As imagens vistas nessa primeira parte da viagem assumem um tom que aterroriza e choca. O poeta não poupa descrições sobre as expiações. Daí nasceu a palavra “dantesco” com o significado de horror de extrema grandiosidade como o gênio Castro Alves (o poeta dos escravos) aplicou com maestria em seu poema “Navio negreiro” quando diz: “Era um sonho dantesco... o tombadilho” ao escrever o espetáculo de horrores que era o tráfico de escravos. Passa-se agora para o segundo plano: o purgatório. Aqui as almas ainda tentam fazer algo para mudar sua condição de vida, buscando corrigir seus erros e desprender-se dos maus hábitos (pecados). É a famosa “segunda chance” que aos habitantes do plano anterior não foi permitida.
Chegando enfim à terceira etapa de nossa viagem, encontramo-la: a doce Beatrice. Despedimo-nos de Virgílio, nosso poeta guia, para, agora com ela, seguirmos a caminhada. Ela é o símbolo da fé, por isso foi elevada ao status de santa por seu admirador terreno, portanto a alma ideal para conduzir nosso viajante em direção ao paraíso.
Sabe-se que Beatrice era a musa do poeta. Sim, caro leitor, uma mulher de carne e osso e, assim como a enigmática Monalisa do quadro de Da Vinci, suscita as mais variadas cogitações acerca de sua verdadeira identidade, contudo ninguém tem certeza suficiente para bater o martelo sobre a questão. Inclusive, em relação a essa paixão, o poeta Olavo Bilac fez um belo soneto que possui, como título, o primeiro verso da Divina comédia: “Nel mezzo del camin” (1888), tendo como tema a tristeza do poeta pela repentina partida da amada e que termina da seguinte forma: “E eu, solitário, volto a face, e tremo, / Vendo o teu vulto que desaparece / Na extrema curva do caminho extremo”, descrevendo a morte da amada de forma metafórica
Não podia deixar de dizer que esse poema épico... Ah! Desculpe, caro leitor, mas esqueci de avisar que o livro todo é feito em forma de poema e, como se não bastasse, simétrico, ou seja, todos os versos têm o mesmo número de sílabas poéticas e esquemas fixos de rimas (talvez essa última informação justifique os quatorze anos de construção que levou para ficar pronto). Como ia dizendo, por mais absurdo que pareça tal viagem, desde o começo até o fim, (aqui cabe ressaltar que se trata de uma visão católica da época e, portanto, muito diferente de outras religiões e olha que nem toquei no ponto da percepção dos ateus sobre isso tudo), Dante trata da condição humana, sobre cada uma de nossas escolhas. Por mais que alguns possam achar uma obra impregnada de teologia e de dogmas, ela acaba chegando ao mesmo ponto: o que o homem faz de sua vida.
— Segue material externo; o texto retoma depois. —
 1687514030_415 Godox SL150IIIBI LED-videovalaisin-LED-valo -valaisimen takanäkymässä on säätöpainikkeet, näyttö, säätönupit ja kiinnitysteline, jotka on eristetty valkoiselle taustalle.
Para o grande poeta continuamos a escolher nosso próprio caminho. Esse livro é uma peregrinação da alma, do homem em busca de sua conversão, com o aviso de que necessitamos tomar uma atitude e saber fazer nossas escolhas, mas lembrando que a omissão também é um pecado (não escolher nada não deixa de ser uma escolha), como o poeta nos diz em um trecho: “No inferno, os lugares mais quentes são reservados àqueles que escolheram a neutralidade em tempo de crise.” Dante vem nos chamar a atenção de que não adianta ficar procurando um culpado externo para tudo, como nos diz Raul Seixas, na canção “Por quem, os sinos dobram”: “É sempre mais fácil achar que a culpa é do outro”, pois vivemos em tempos que as pessoas sempre buscam desculpas que os isentem da responsabilidade, contudo ainda somos nós os responsáveis por nossas vitórias e derrotas. Vivemos em um mundo repleto das mais diversas tentações que, ampliadas pelas redes sociais, buscam oferecer o caminho mais fácil para se alcançar o topo do monte. Que cada um de nós possa escolher com sabedoria a própria jornada, sabendo que são nossos passos que constroem a estrada do nosso destino. Muito obrigado pela companhia. Até a próxima viagem.